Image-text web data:

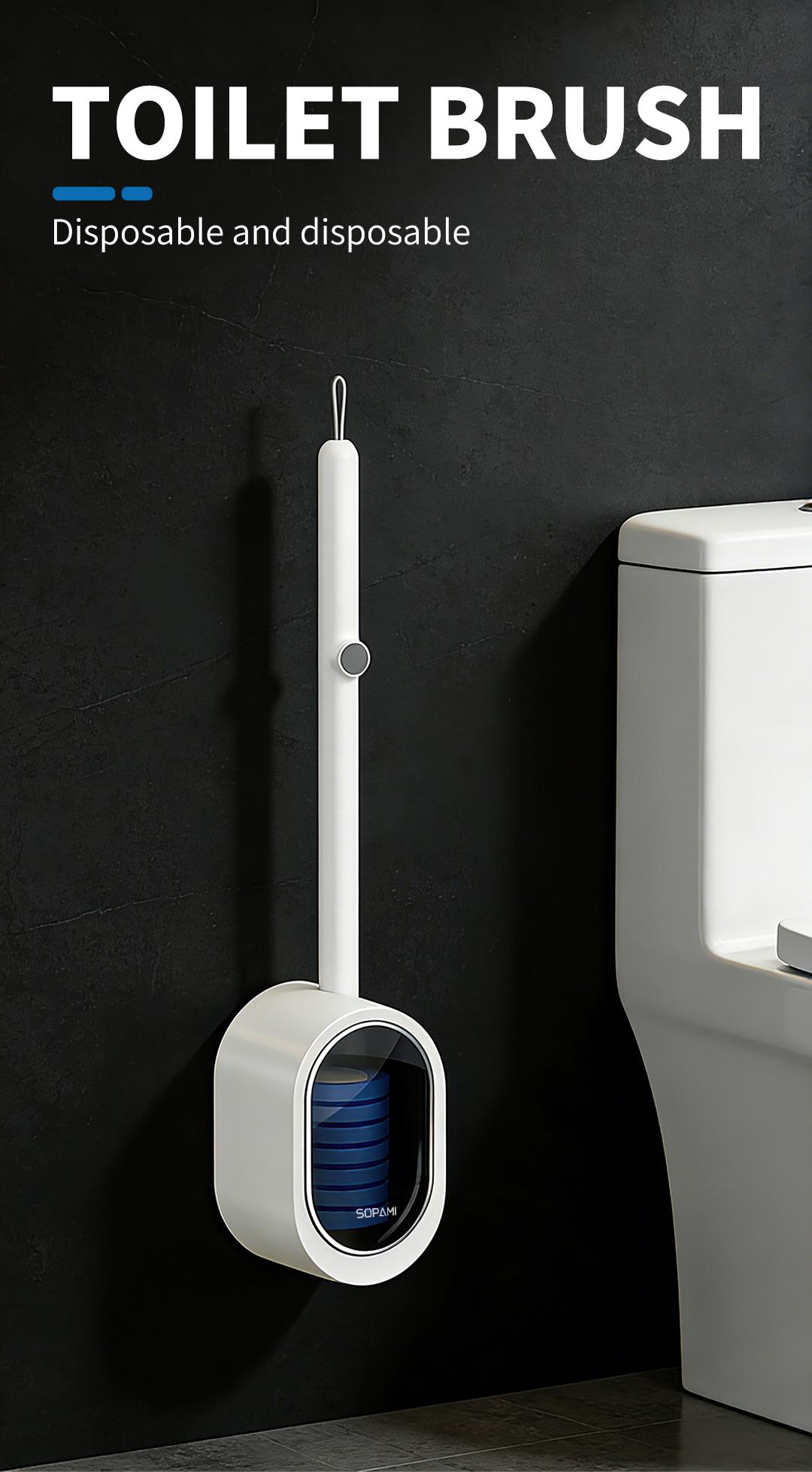 SOPAMI Toilet Scrubber Kit with Self-Cleaning Disposable Pads – No Pre-Rinse, No Mess, No Odor , Simplifies Bathroom Hygiene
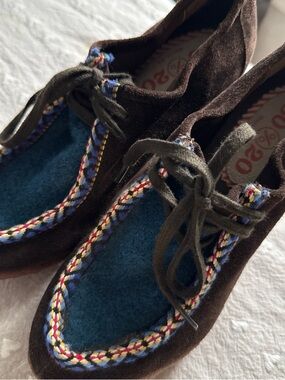 80%20 Brown Suede Wedge Moccasins with Teal Insole and Multicolor Braid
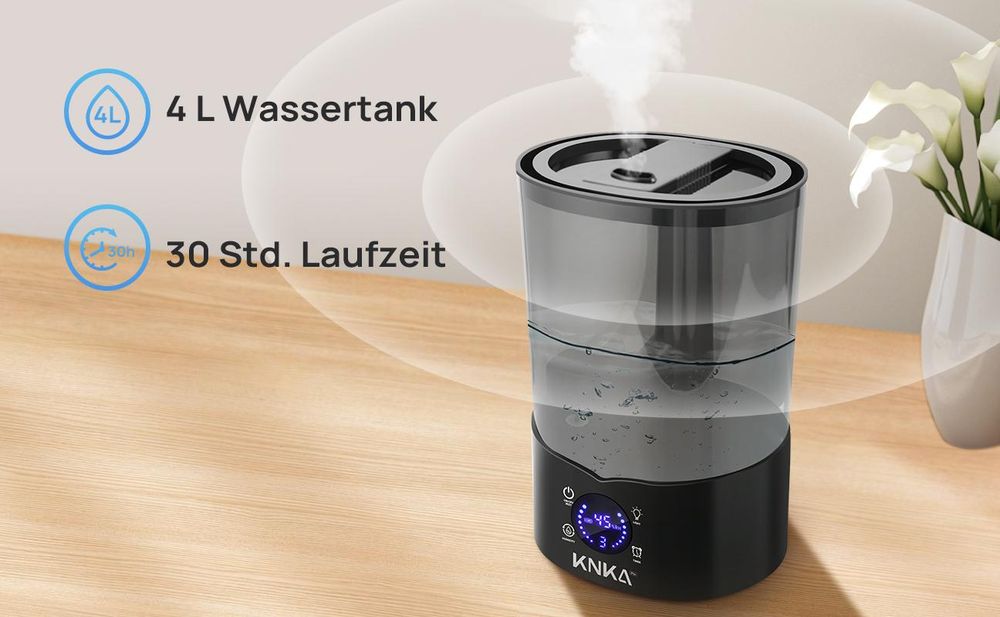 KNKA Luftbefeuchter Schlafzimmer, 4L Top-Fill Humidifier bis zu 30H, BPA-Frei, 30dB Leise Klein Raumluftbefeuchter für Kinderzimmer, Pflanzen, Schwarz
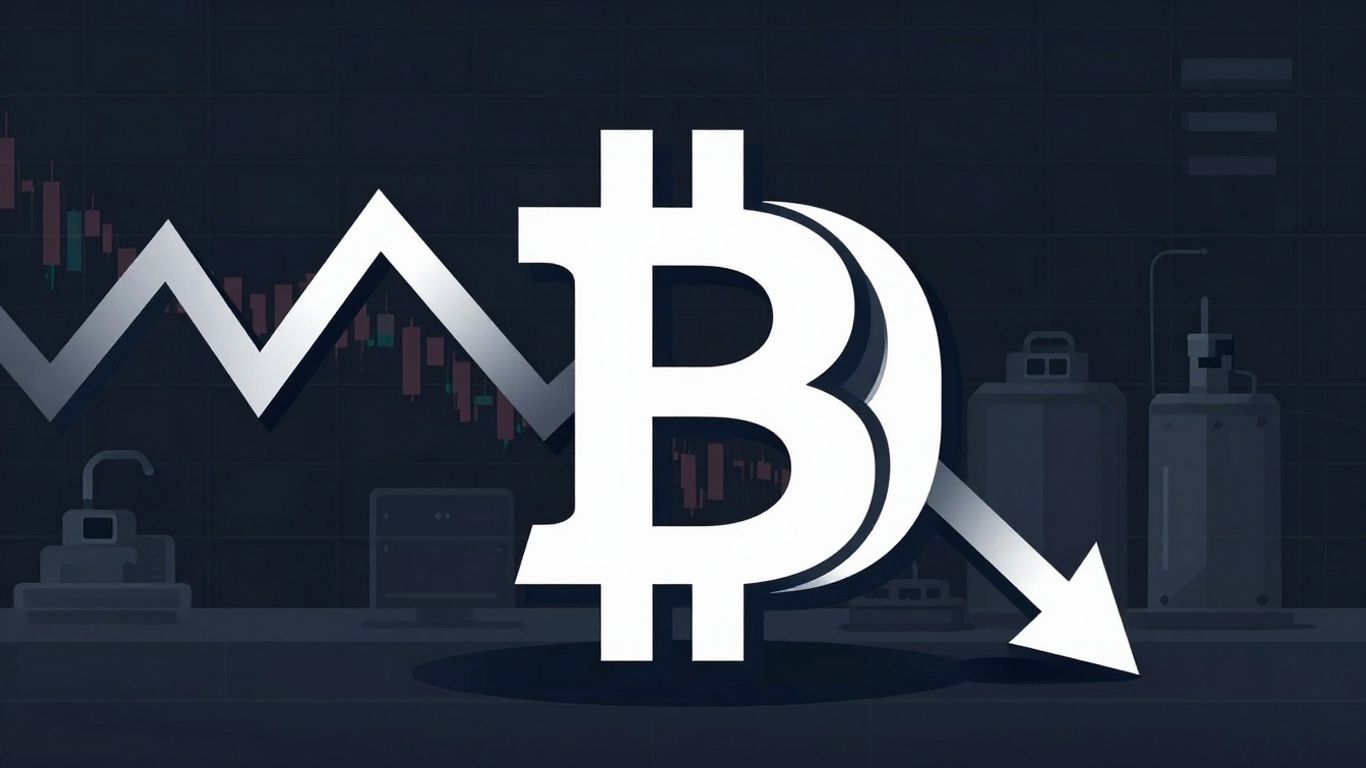 Bitcoin symbol with a downward arrow, market downturn.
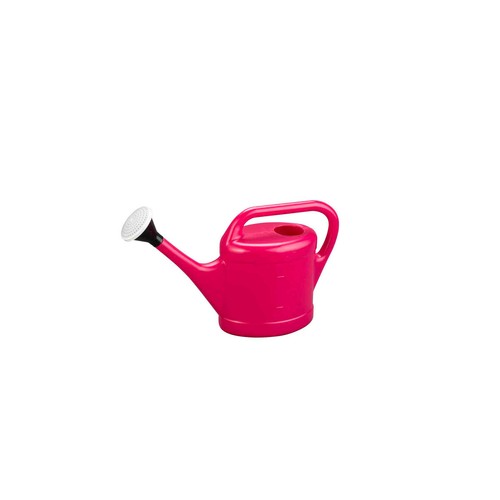 Regadera de plástico de color rosa, capacidad de 3 litros y medidas de 41x12.5x24 centímetros REGADERA 1 unidad.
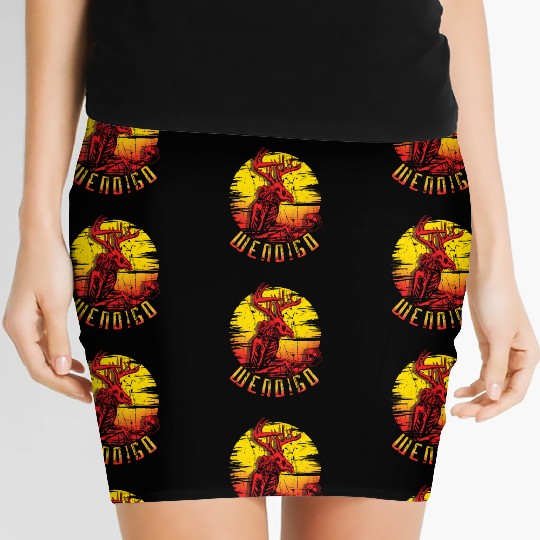 Wendigo Folk Creature Halloween Cryptid Women's Mini Skirts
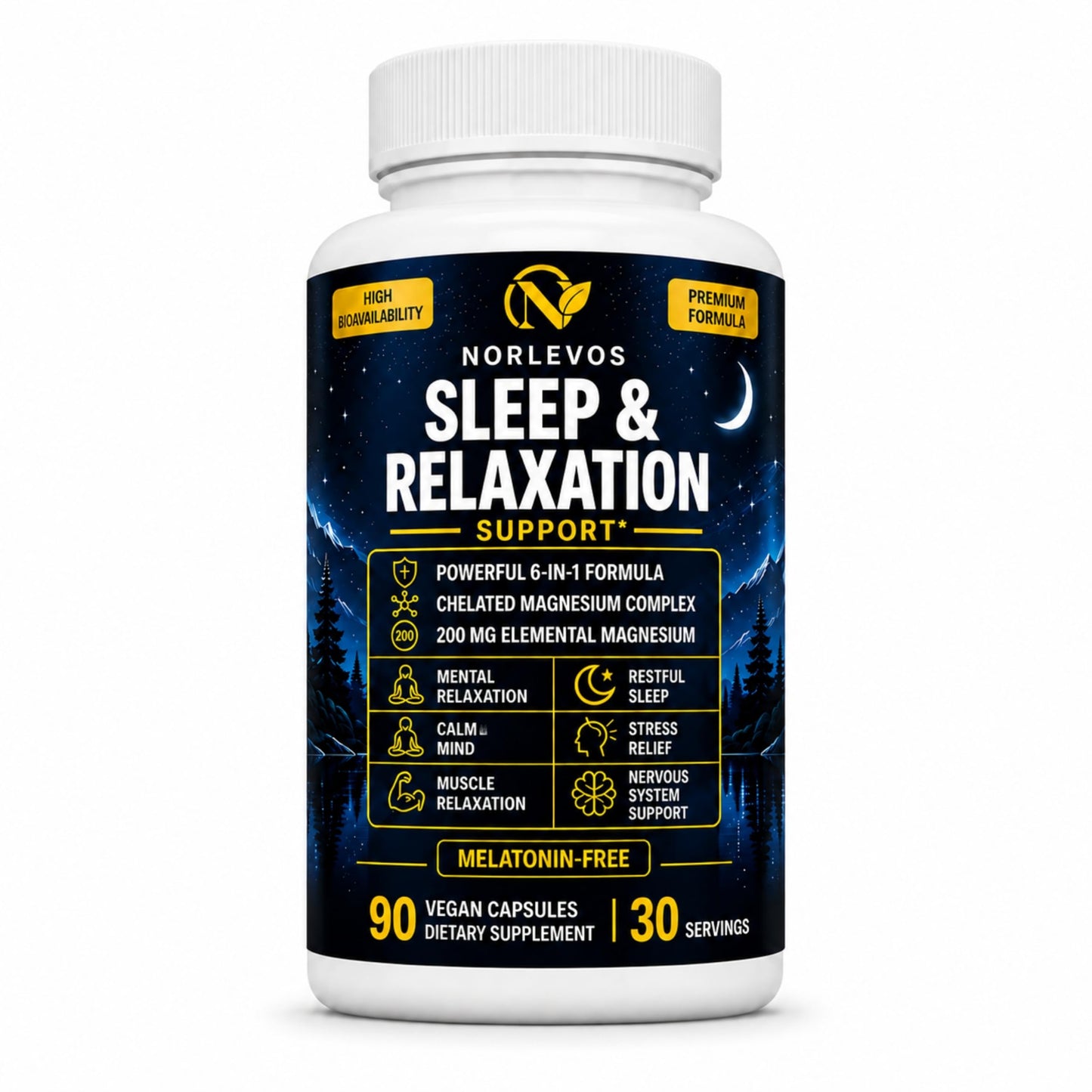 Norlevos Magnesium Sleep Aid Supplement Chelated 200 mg Elemental Magnesium Glycinate Complex with L-Theanine Calm & Relaxation Support Capsules, 90 Count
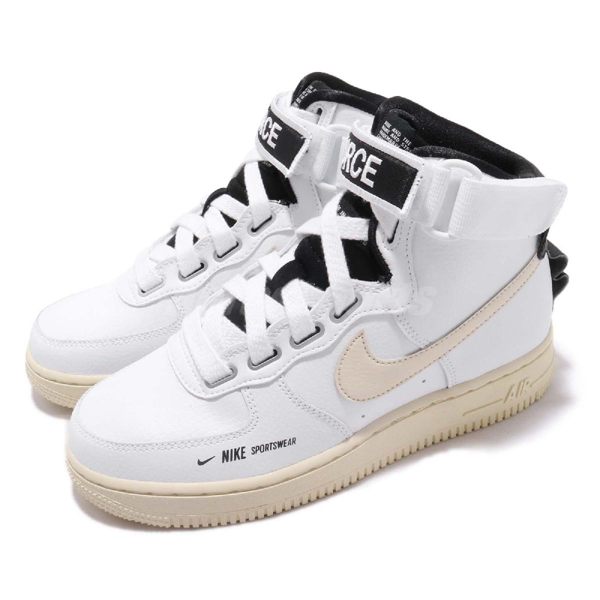 Nike 休閒鞋 Wmns Air Force 1 High Utility 米白 黑 高筒 女鞋 【PUMP306】 AJ7311-100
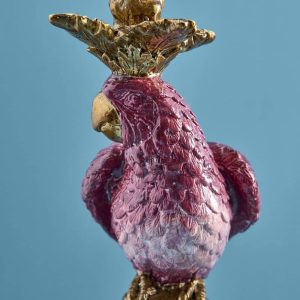 WERNS® Set of 2 parrot candle holders, pink-green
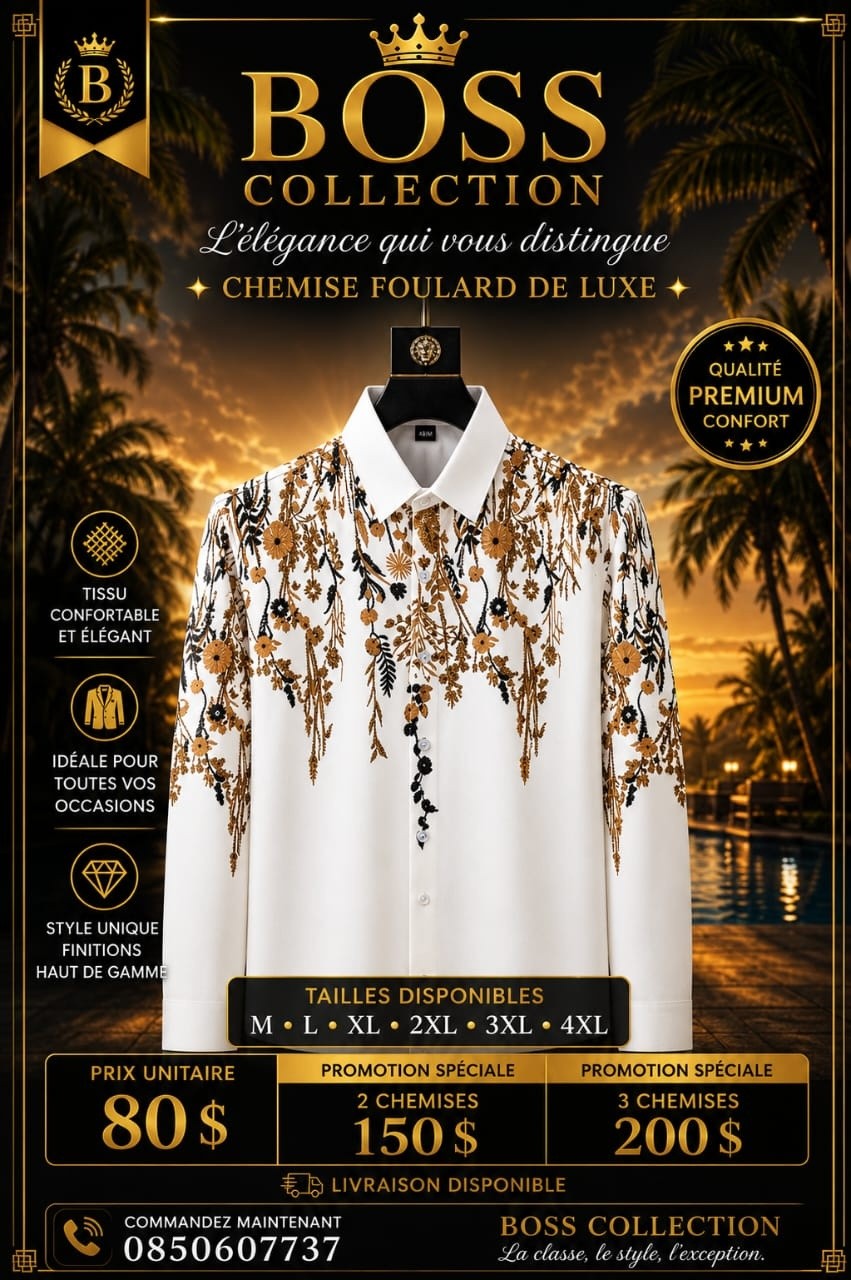 Christophe collection Facebook ad: CHEMISES FOULARDS HAUTE QUALITÉ DISPONIBLES
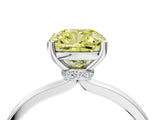 White gold Fancy Yellow Cushion Cut Diamond Solitaire Ring with Classic Band and Four-Prong Setting_4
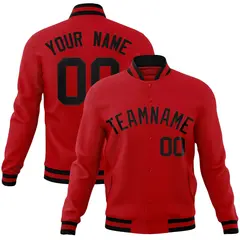 Red Black Classic Style Varsity Full-Snap Letterman Jacket 1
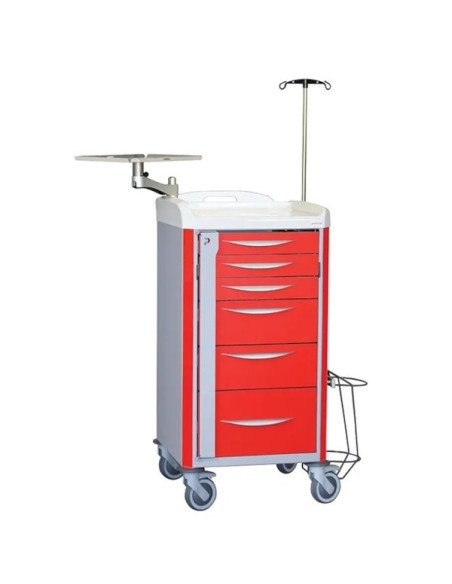 Neop 400x400 emergency equipped trolley 6 telescopic drawers col. red, support for:cardiac massage,monitoring, oxygene bottle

ABOUT THIS TASK:
Without any picture, return exactly the lines of the records above from the first through the line that contains "Bitcoin symbol with".

ANSWER:
 SOPAMI Toilet Scrubber Kit with Self-Cleaning Disposable Pads – No Pre-Rinse, No Mess, No Odor , Simplifies Bathroom Hygiene
 80%20 Brown Suede Wedge Moccasins with Teal Insole and Multicolor Braid
 KNKA Luftbefeuchter Schlafzimmer, 4L Top-Fill Humidifier bis zu 30H, BPA-Frei, 30dB Leise Klein Raumluftbefeuchter für Kinderzimmer, Pflanzen, Schwarz
 Bitcoin symbol with a downward arrow, market downturn.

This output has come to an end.